Turnover for first 12 months will be low- Plan to Vat register as if Vat register down the line some of smaller clients may see the Vat as price increase.
More than likely makes sense to Vat register to get vat back on initial purchases

Salary- Plan first to repay Director loan and vote tax efficient low salary( all depends on getting clients/ Cash flow)

Re Close Company surcharge- is 100% of profit surchargable in future- Have firms divided income into different streams like bookkeeping/ Accounts preparation/Company sec and apportioned surcharge?

May be easier to sell Company if selling down the line.

*CONTINUITY OF PRACTICE( Probably item most worried about0*
Does anyone know of anyone willing to offer this?
Have you much difficulty getting it?

Does the person giving continuity of practice expect anything in return?

If someone is wiling to PM me a sample one without the names, I appreciate it.

If person offering it has an audit licence- I be willing to refer Audit work there way.

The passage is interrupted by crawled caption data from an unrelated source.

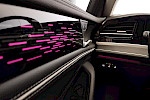 Bild Nr. 20 VW Passat 2.0 TDI Elegance...NAVI/RFK/Matrix
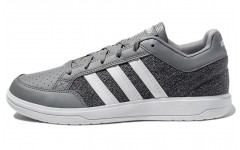 adidas neo Oracle 6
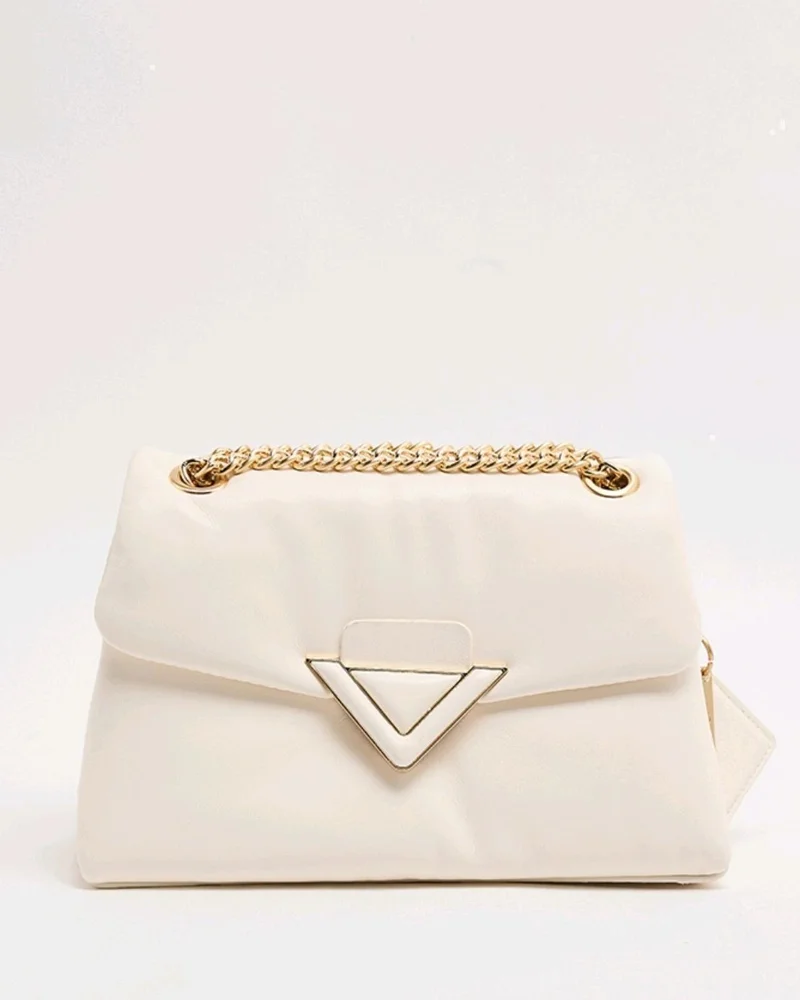 ALDO Shoulder Bag, size Other, photo 2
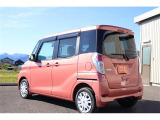 車の性能、装備品の品質、走行テストなどお客様に「徹底した安心」を届ける為、仕入から納車まで最大9回の品質検査を行い、当社独自の基準にクリアした車両のみ販売。中古車は第三者品質評価書全車両取得済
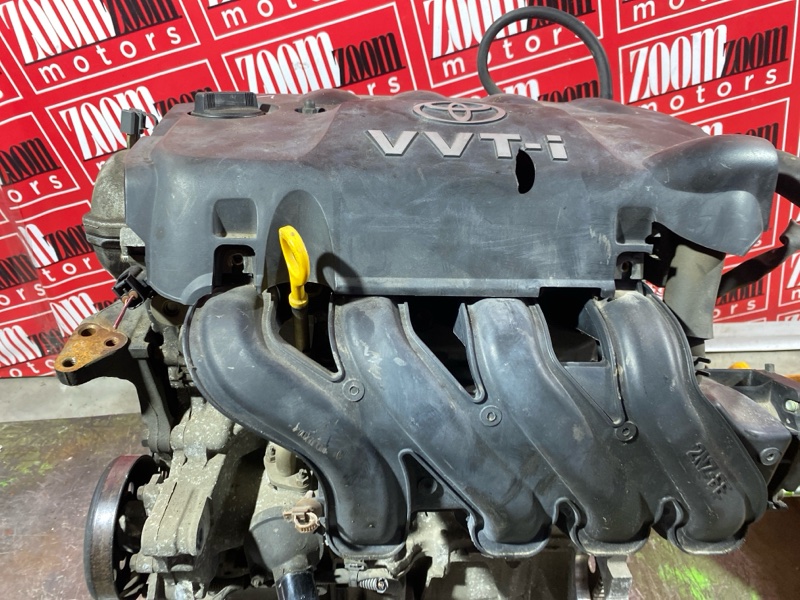 Двигатель, 84600 рублей, Красноярск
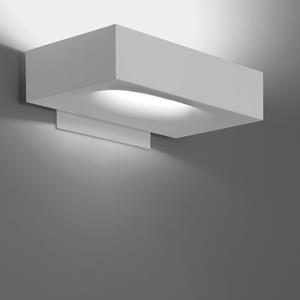 Artemide Melete Wandlamp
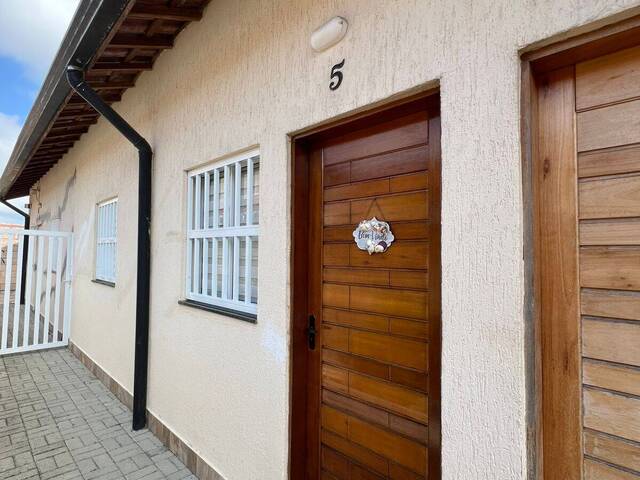 Casa para Venda em Itanhaém - 5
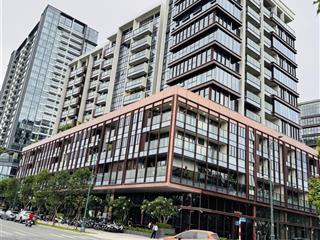 Bán đất tại trần phú, 25 tỷ, 10000 m2, pháp lý đầy đủ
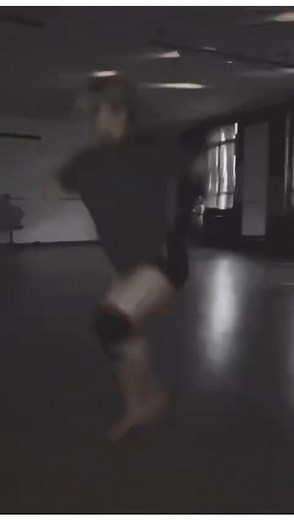 Beginner to prem!!! 💪💪💪 All the same, yet all different!!! ❤️❤️❤️ | Flare Dance Academy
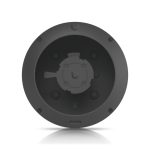 Caja de conexiones Ubiquiti UACC-AI-360-JB. Ideal para cámaras de seguridad con montaje en viviendas.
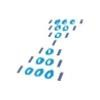 L3 Bioinformatics Logo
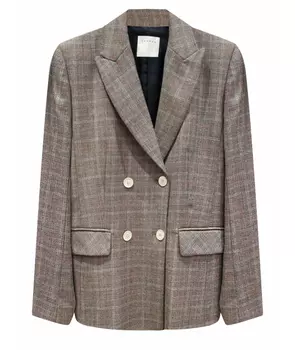 Жакет/пиджак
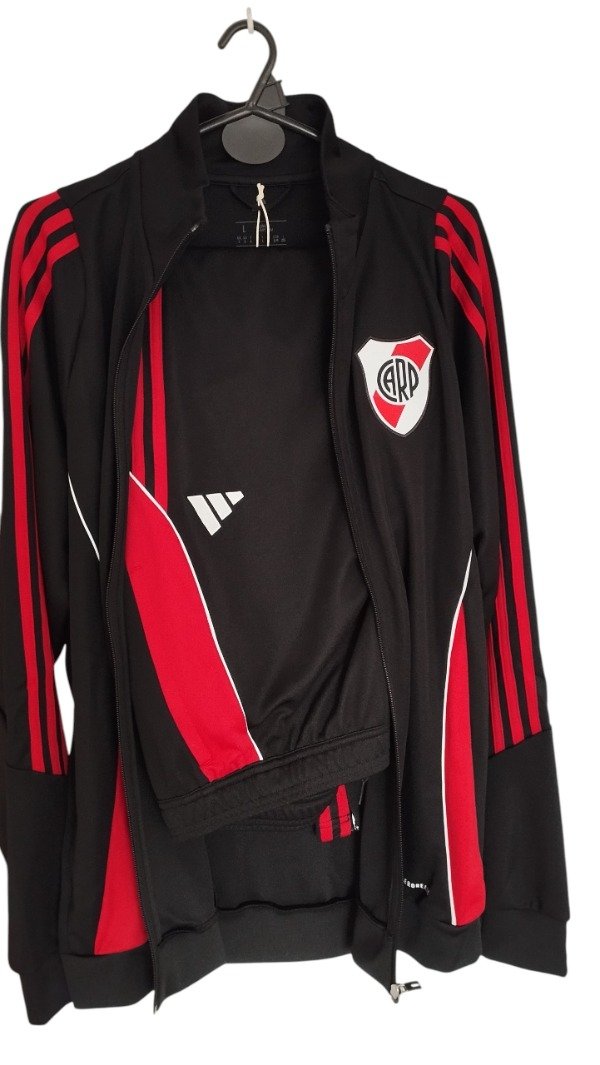 Producto - Conjunto River Plate 2025 - 1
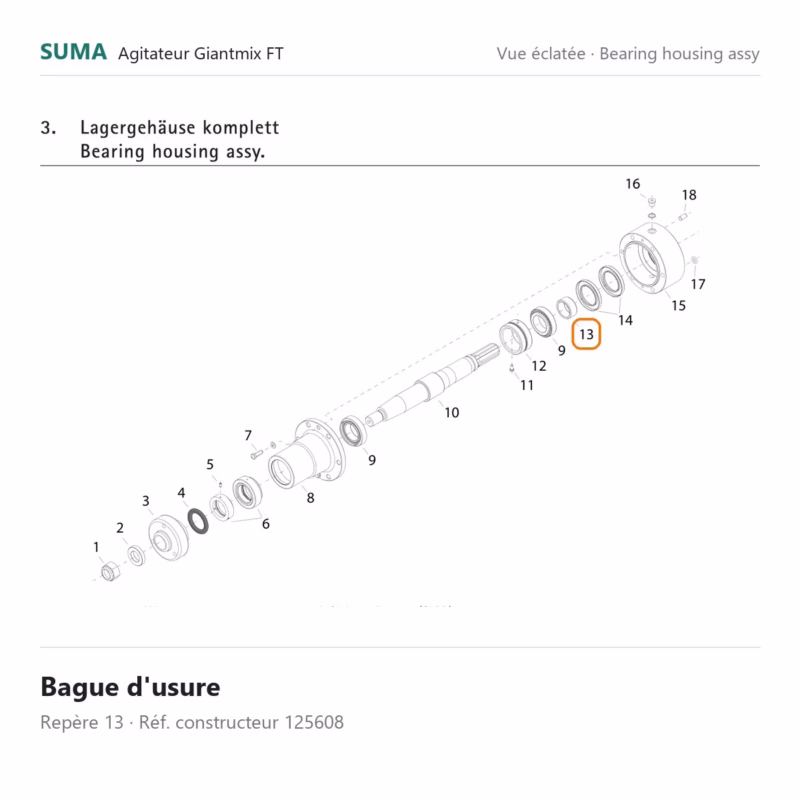 suma piece 125608 800x800 jpg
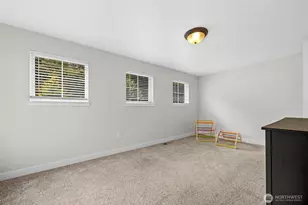 13121 287th Ave SE, Monroe, WA 98272 - Photo 29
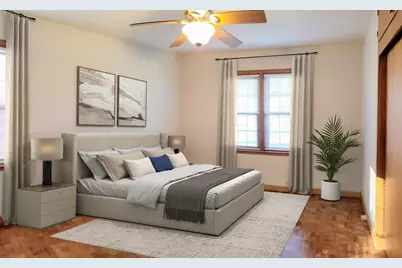 9715 W Wisconsin Ave, Wauwatosa, WI 53226 - Photo 9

*PROFESSIONAL INDEMNITY INSURANCE.*
If i set up a company who is PI insurance in - Is in my personal name or Company name?

Any idea what initial cost would be for low turnover plus meet institute standards of insurance?


*ACCOUNTS PRODUCTION SOFTWARE*

The  package i used in the past/now is sage accounts production.

My understanding is I will have to buy a new licence so significant cost here( If go for 50 client pack approx 1,845 to start with).

Would you continue with what you know or should I try Relate?

What are your experiences?

Also did you buy new versions of Microsoft Excel/word( Just want to keep all software legal)

Plan to budget about 1k/1.5k to cover Lap-top and Excel/Word licence.

So in effect software/computer's will come in around 3,500( A lot of these are one of costs with sage being renewal fee of approx 615 in future)

How do you deal with photocopying- Do you have a copier or are you using scanner/copier/printer combined?

*COMPANY SEARCH*
What vehicle do you use for company searches and gives quality information at good price. Is it vision net, search for less or direct with Cro


*RENT/RATES*
Do need rental address as need to keep separate from personal rental address

If I got serviced office desk for initial few months in a business centre, at least avoids rates.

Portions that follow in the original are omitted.